Wenn wir über andere urteilen, vor allem über Führungspersonen, schauen wir zuerst auf zwei Dinge: Wie liebenswert ist die Person (Wärme, Verbundenheit, Vertrauenswürdigkeit) und wie furchteinflößend ist sie (Stärke, Macht, Kompetenz)? Über die richtige Benennung der Komponenten streiten sich die Experten. Dass es sich dabei um die beiden wichtigsten Dimensionen bei der Beurteilung von Menschen handelt, steht jedoch außer Frage.

Warmherzigkeit und Stärke

Warum sind diese Merkmale so wichtig? Weil sie die Antwort auf zwei entscheidende Fragen liefern: Welche Absichten hat dieser Mensch mir gegenüber? Und: Ist er oder sie in der Lage, diese Absichten umzusetzen? Diese Einschätzungen unterliegen unseren emotionalen und Verhaltensreaktionen auf andere Menschen, Gruppen und selbst auf Marken und Unternehmen.

Amy Cuddy hat zusammen mit Susan Fiske von der Princeton University und Peter Glick von der Lawrence University gezeigt, dass Menschen, die als kompetent, aber kalt eingeschätzt werden, Neid auslösen. Eine Emotion, die sowohl Respekt als auch Abneigung beinhaltet. Wenn wir jemanden respektieren, möchten wir mit dieser Person zusammenarbeiten oder uns ihr anschließen, wenn wir hingegen eine Abneigung gegen jemanden empfinden, möchten wir dieser Person eher ablehnen.

Damit keine Missverständnisse aufkommen: Natürlich beobachten wir auch viele andere Charakterzüge, aber sie sind nicht annähernd so einflussreich wie die beiden Eigenschaften Warmherzigkeit und Stärke. Erkenntnisse aus der Psychologie belegen sogar, dass diese beiden Dimensionen zu mehr als 90 Prozent für den positiven oder negativen Eindruck verantwortlich sind, den wir von Menschen in unserem Umfeld gewinnen.

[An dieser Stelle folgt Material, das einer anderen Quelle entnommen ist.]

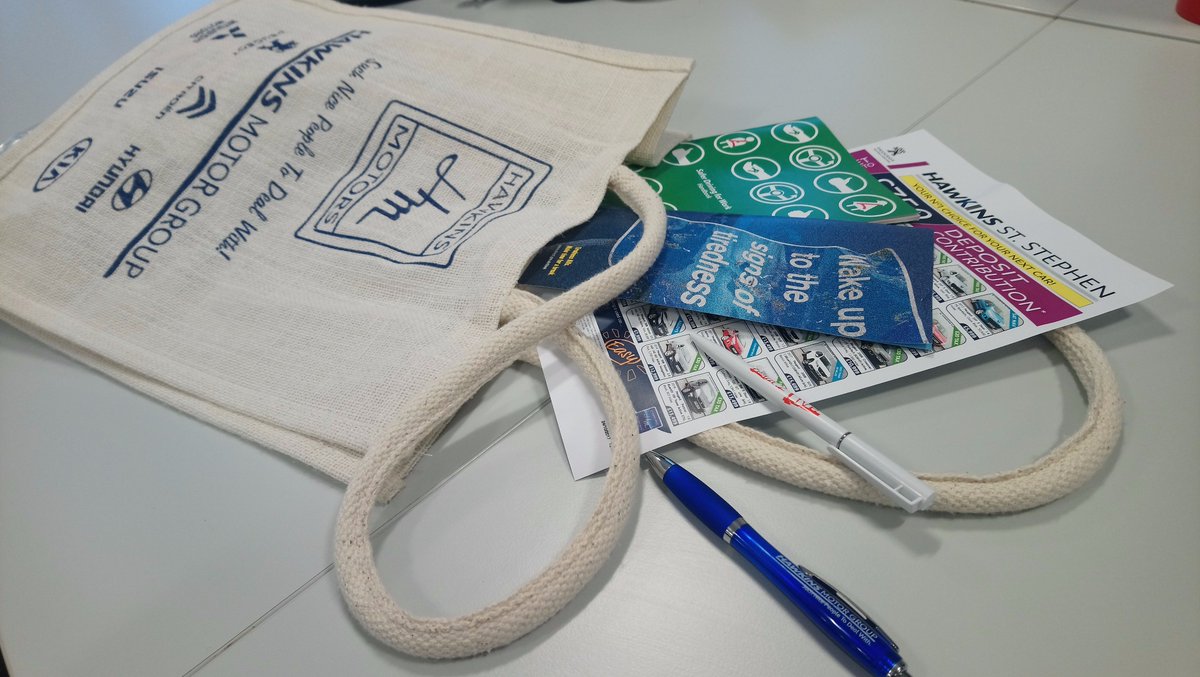 CornwallPhoenix's tweet photo. Yesterday's #PreDriver training students learned valuable #RoadSkills & gained some goodies on the way! Course info @ https://t.co/Typ4aoXIAq 🚗🛍️✏️ https://t.co/gQP0mKS9HZ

Also noch einmal: Ist es besser, liebenswert oder stark zu sein? Die meisten Führungskräfte neigen heute dazu, im beruflichen Kontext vor allem ihre Stärke, Kompetenz und Qualifikation zu betonen, aber das ist genau der falsche Ansatz. Führungskräfte, die Stärke ausstrahlen, bevor sie ein Vertrauensverhältnis aufgebaut haben, laufen Gefahr, Angst und eine Reihe von damit verbundenen dysfunktionalen Verhaltensweisen auszulösen. Angst kann das kognitive Potenzial, die Kreativität und die Problemlösungsfähigkeiten eines Menschen einschränken und dazu führen, dass Mitarbeiter nicht mehr weiterkommen oder sich gar völlig ausklinken. Angst ist eine „heiße“ Emotion mit lang anhaltenden Folgen. Sie brennt sich viel stärker ins Gedächtnis ein als kühlere Emotionen.

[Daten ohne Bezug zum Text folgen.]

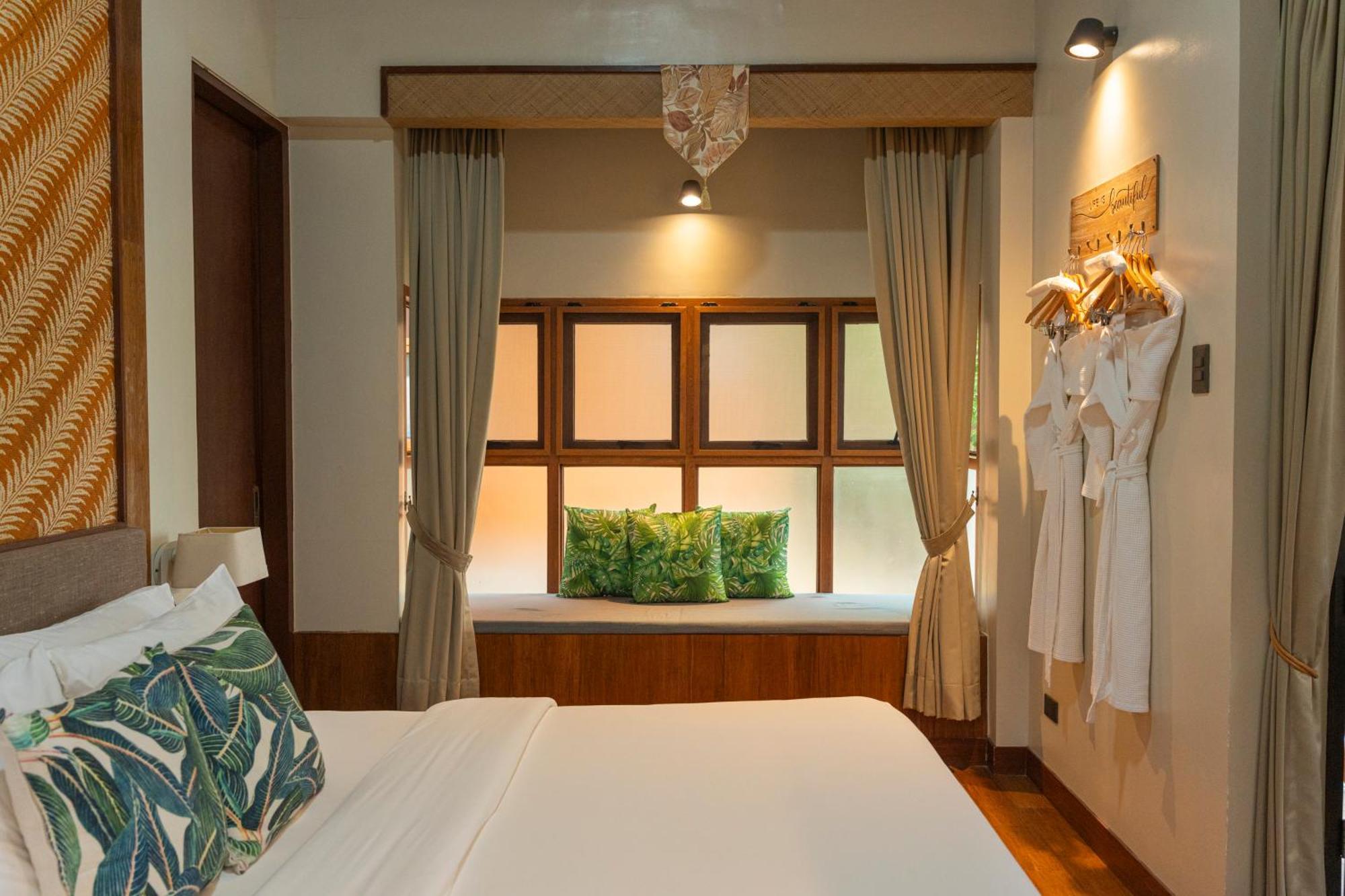 Club Serena Resort Moalboal Exterior photo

Lassen wir den Pater Anselm Grün nochmal zu Wort kommen. Er sagt dazu:

Führen kann nur, wer sich auch selbst führen kann.“

Das Wichtigste ist die Selbsterkenntnis. Wer sich selbst nicht kennt, der projiziert all die verdrängten Seiten auf seine Mitarbeiter. Er möchte vielleicht eine Atmosphäre des Vertrauens, aber von ihm geht Misstrauen aus, weil er sich selbst nicht traut und Angst hat vor dem, was er in sich noch nie angeschaut hat.

Ein Führender braucht die Eigenschaft, entscheidungsfreudig und konfliktfähig zu sein. Aber grundsätzlich kann man Führung lernen. Die Führungsaufgabe selbst ist ein Lernprozess. Und wer bereit ist, beim Führen zu lernen, der wird auf Dauer gut führen.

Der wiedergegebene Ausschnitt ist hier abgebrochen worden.